There currently are nine Great Walks with a 10th walk on the way. Three walks are located in the North Island, five (plus the new 10th walk) are located in the South Island, and one is located on Stewart Island.
What to Expect
Coming in different shapes and sizes, each walk is very different. Many of the walks include coverage through rain forest or dense bush. Some have alpine crossings while others are coastal. The commonality of these walks is the infrastructure. While some have challenging sections, all can easily be done by a first-time hiker. Trails are groomed with some of the best maintained huts in New Zealand. For those who are very experienced hikers, a few of these tracks are still worth doing, especially the Fiordland hikes, however, there are better walks suited for advanced hikers.
How to Book
All of the Great Walks can be booked online at the Department of Conservation’s website.
Each walk has a different price. The cost for tent camping is typically $15 per night. The cost for huts range between $32 and $70 per night. The hikes in the Fiordland National Park are the most expensive. Out of season, huts are first come first serve with discounted rates of $15 per night for huts and $5 for camping. A hut pass can be used during this time. The walks which are annual do not have off season rates. For more details including the costs for each hike, check out the DOC’s Great Walks page.
The Great Walks
Ranked from our favorite to least favorite walk
The most famous of the Great Walks, the Milford Track is stunning. Throughout the hike waterfalls are plentiful and the scenic mountain pass does not disappoint. Arriving into the Milford Sound to finish the walk is the cherry on top. This area of New Zealand is one of the wettest places on earth and the waterfalls here are like nowhere else. The most expensive of the Great Walks, the Milford Track requires boat transportation to start and finish the hike.
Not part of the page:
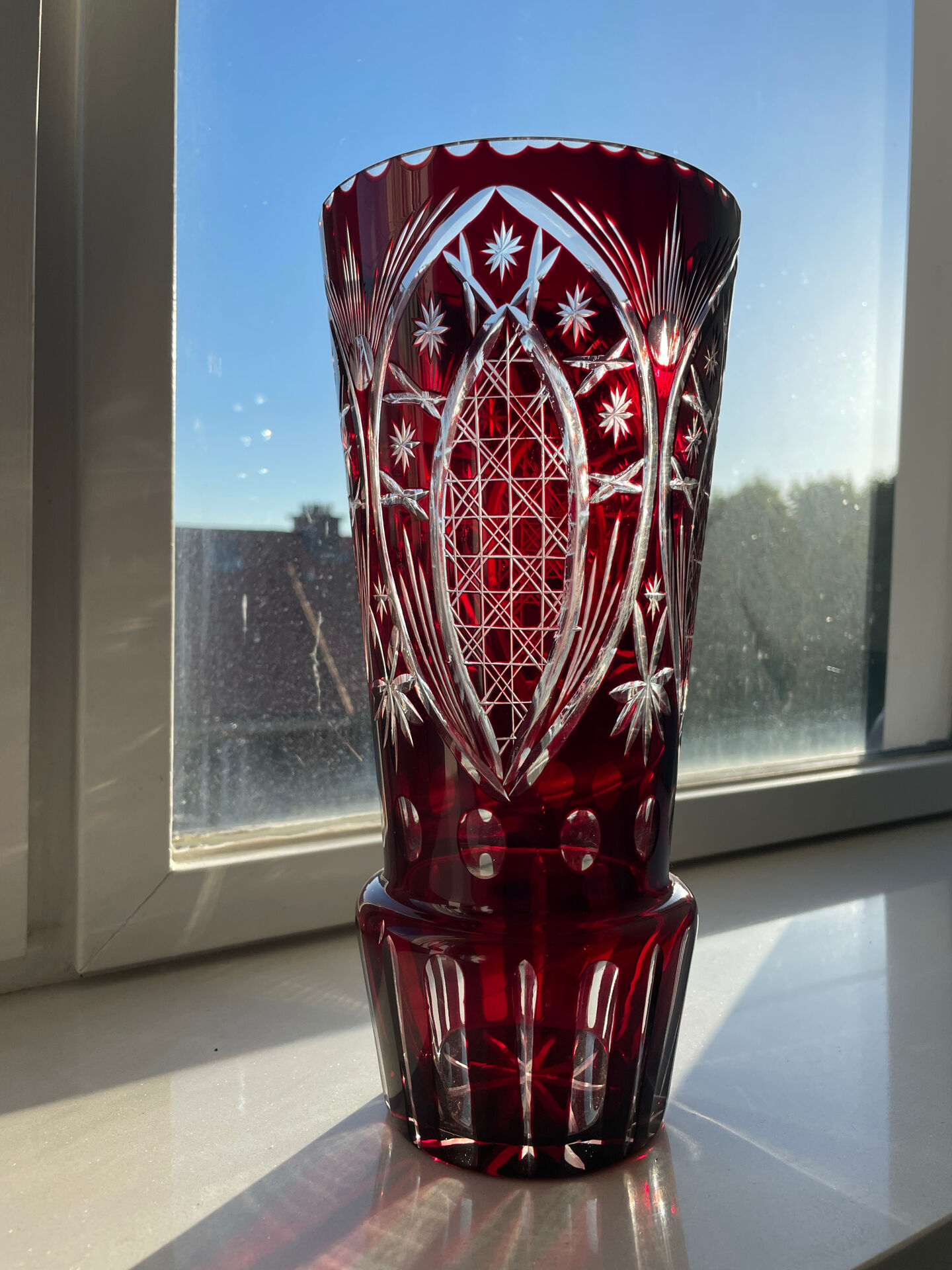 Hand-cut crystal vase, Bohemian or Polish - Vintage - Ruby/Cranberry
Read more about the Milford Track.
The Kepler track is the only Great Walk which has a large section on a mountain ridge. For 10 kilometers, the section between the Luxmore Hut and Hanging Saddle rivals any hike in New Zealand for the best views. Unfortunately, this section is also known for rough weather conditions and often attracts heavy clouds passing through. Catch this hike on a good day and it will absolutely impress. This hike is a circuit without the need for transportation.
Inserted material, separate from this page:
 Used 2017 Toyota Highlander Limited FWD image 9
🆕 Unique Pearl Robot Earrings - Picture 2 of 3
Read more about the Kepler Track.
The Routeburn is one of the best hikes in New Zealand and is the best way to experience alpine scenery on an easy track. There are two stunning alpine lakes, a mountain pass, and views into the heart of the Fiordland. The two or three-day walk typically starts at the Routeburn car park and ends at the Divide, a five-hour drive. As a result, car relocation or transfers are expensive for this hike. It is possible to connect this walk with the Greenstone-Caples to return close to Kinloch, a much cheaper and easier return to the start of the Routeburn.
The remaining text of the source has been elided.